Honor Freeman is an artist living and working in the Fleurieu Peninsula on the traditional lands of the Ngarrindjeri/Ramindjeri people in South Australia. Her practice utilises the mimetic properties of porcelain, crafting objects that belie their materiality and purpose.
Freeman completed her studies in 2001 at the South Australian School of Art. Following graduation, Honor took up an Associate position and Tenant residency in the ceramics studio at Jam-Factory Craft & Design. Her work has been curated into major exhibitions at institutions throughout Australia, including the MCA, Tarrawarra Museum of Art and The PowerHouse Museum. She has undertaken international residencies at Guldagergaard, Denmark’s International Ceramic Museum and in the US at Indiana University’s School of Art & Design. In 2006 Freeman travelled to Chile to exhibit and participate in the The South Project, continuing her project on/off/on, installing porcelain light switches and powerpoints clandestinely in public spaces. In 2018 she was invited to undertake the Guildhouse Collections Project at the Art Gallery of South Australia, the outcome of this residency Ghost Objects, was exhibited in 2019 as part of SALA Festival.
Her work has appeared in national and international publications including: 1001 Remarkable Objects published by the Powerhouse Museum, 101 Contemporary Australian artists, published by the NGV; Earth & Fire : modern potters, their tools, techniques and practices by Kylie and Tiffany Johnson; the international publication by Louisa Taylor, Ceramics Masterclass : creative techniques of 100 great artists; and Glenn Barkley’s recently published Ceramics: An Atlas of Forms.

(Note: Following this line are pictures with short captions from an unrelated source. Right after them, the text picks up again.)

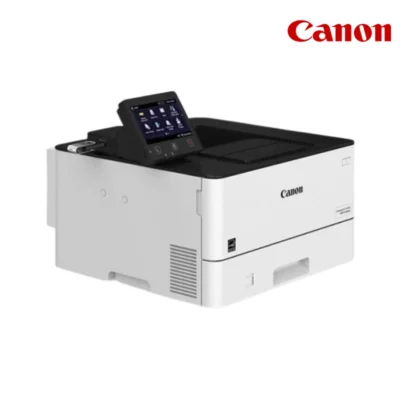 (LBP228dw) Printer Canon Laser imageCLASS LBP228dw 4 (LBP228dw) Printer Canon Laser imageCLASS LBP228dw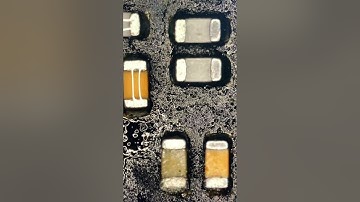 Redmi note8 pro no service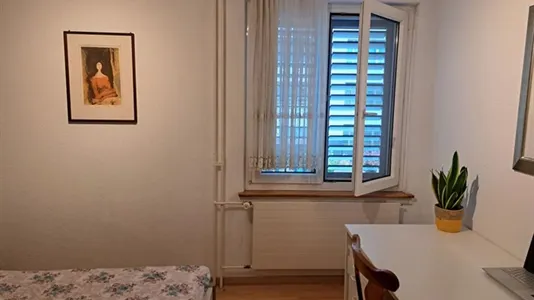 Værelser i København K - billede 5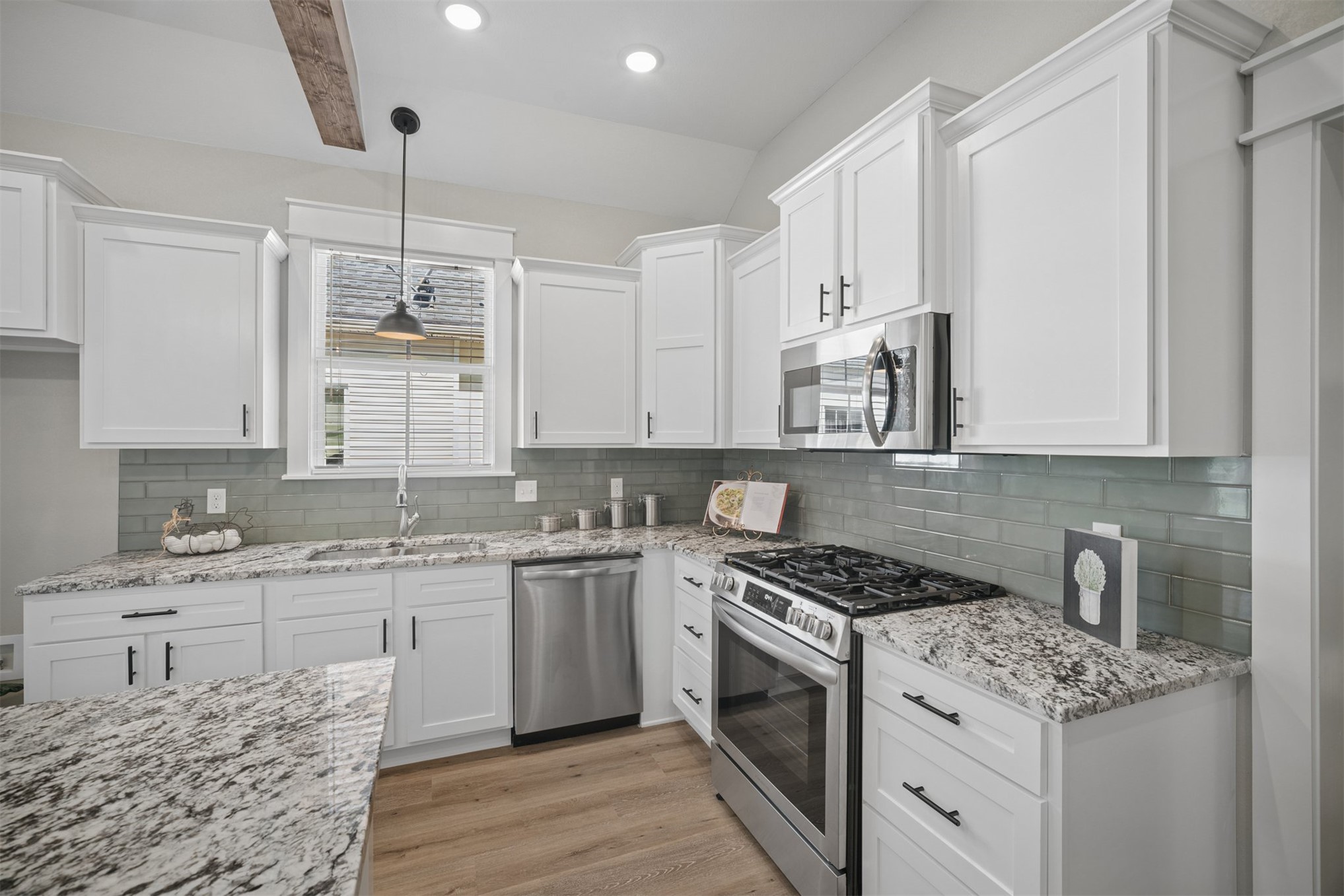 424 E 4th Street Claremore OK 74017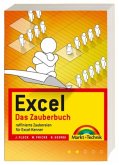 Excel - Das Zauberbuch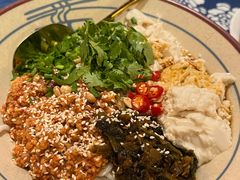 -滇道云南特色料理(康定路店)
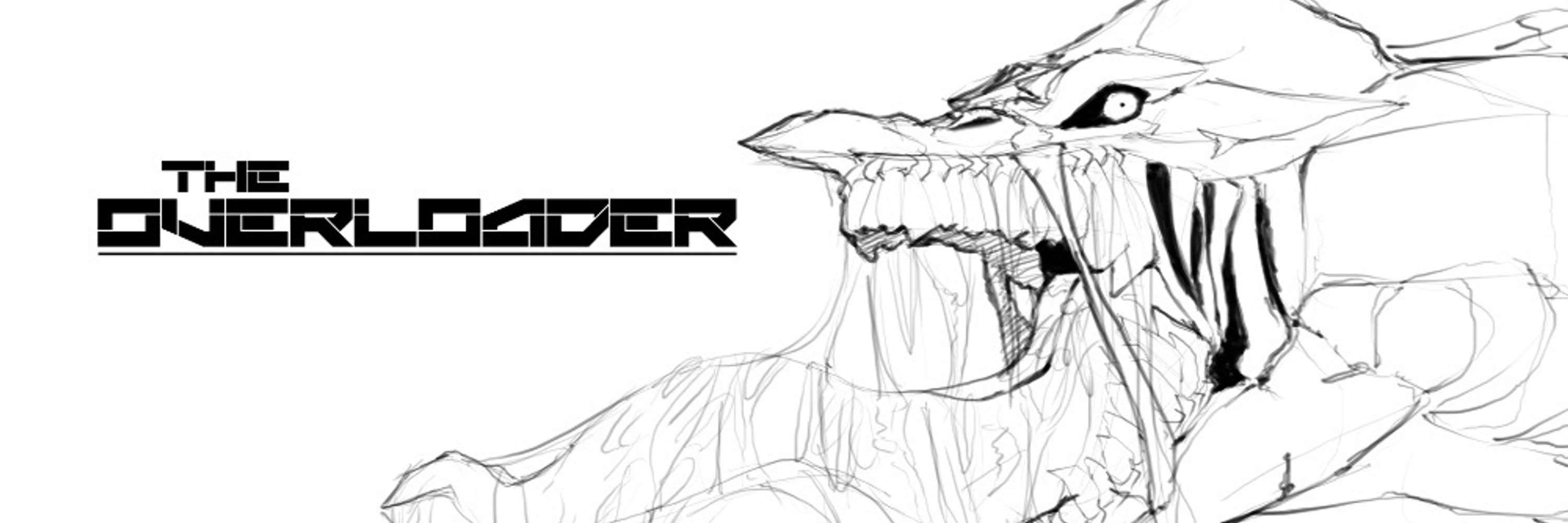 Overloader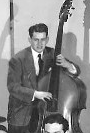 Alpert in 1941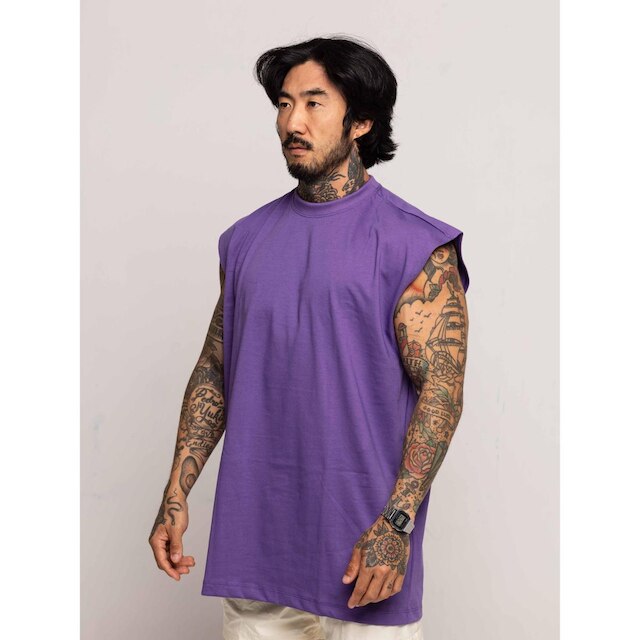 Regata Oversized Premium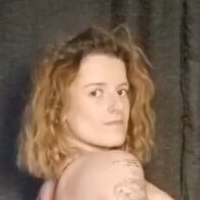 Adriana Filipa Nude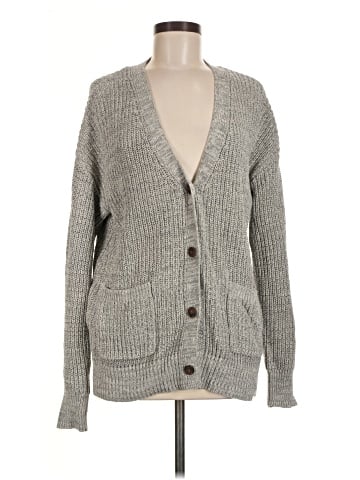 Aeropostale Cardigan (view 1)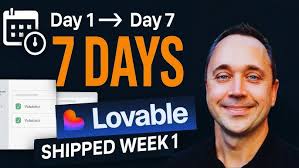 Creating a Robust Sales Pipeline: Proven Strategies with Glenn Sandifer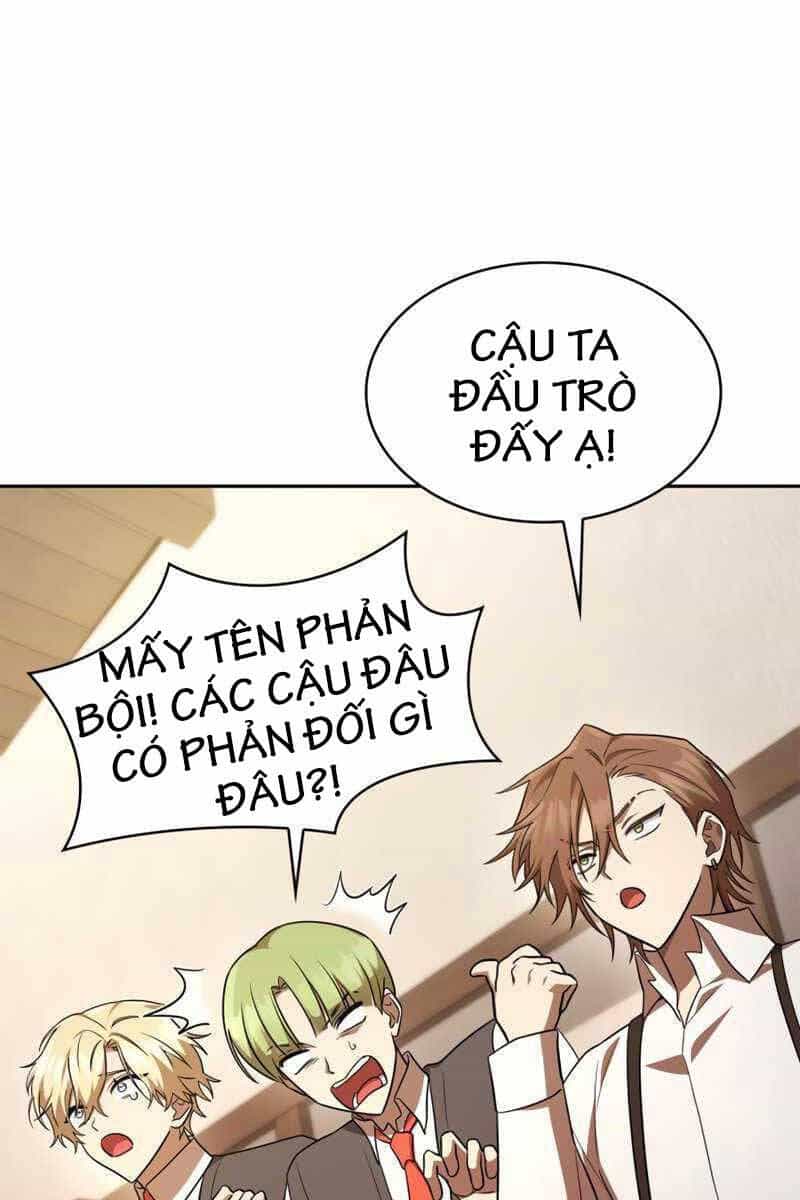 Đại Pháp Sư Toàn Năng - Chương 51 - ảnh 57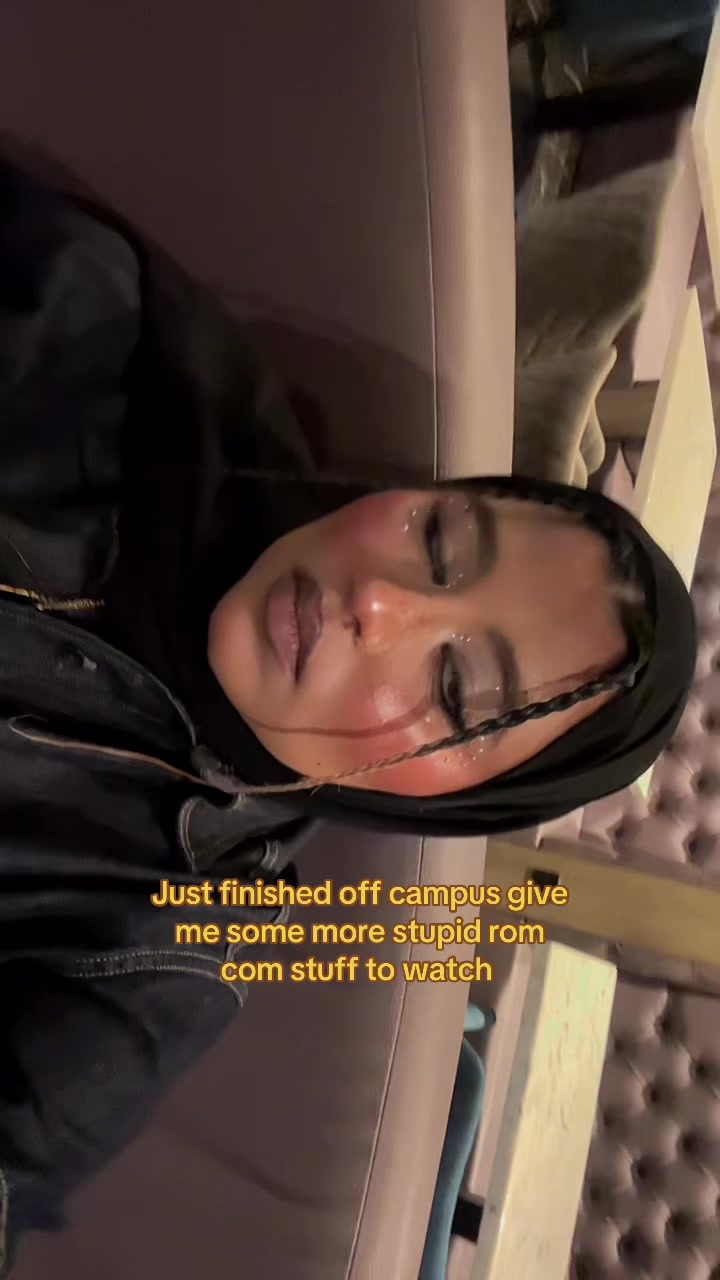 @aminahxarts🇵🇸🇵🇰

Exhibiting since 2000, Honor’s work is represented in numerous public institution collections including the National Gallery of Victoria, Art Gallery of South Australia, ArtBank, The powerhouse Museum and Washington DC’s National Museum of Women in the Arts. In 2023, Freeman was a recipient of an Arts South Australia Fellowship.
There is a careful observation of the quiet and common within my practice. Harnessing the mimetic qualities inherent in clay with the process of slip casting the work conveys ideas of material transformation. An ordinary alchemy of the common and unremarkable into sculptures that belie their materiality and purpose Clay is a material that embodies both control and chaos. Ideas of containment occupy the making and embrace clay’s capricious nature, exploring the ruptures, leaks, and growths and highlighting the tensions between material dualities: soft/hard, beautiful/ugly, fragile/durable, liquid/solid.
Unremarkable items intimately connected with the body—chewing gum, soap, towels, sponges, pillows, hot water bottles—are cast in porcelain and transformed into strange souvenirs and nostalgic relics from the domestic landscape. These ubiquitous objects, caught between discarded beauty and unsettling decay, reflect their leaking and rupturing states. The porcelain casts echo the original objects; the liquid slip turns solid and becomes a memory of a past form – a ghost object.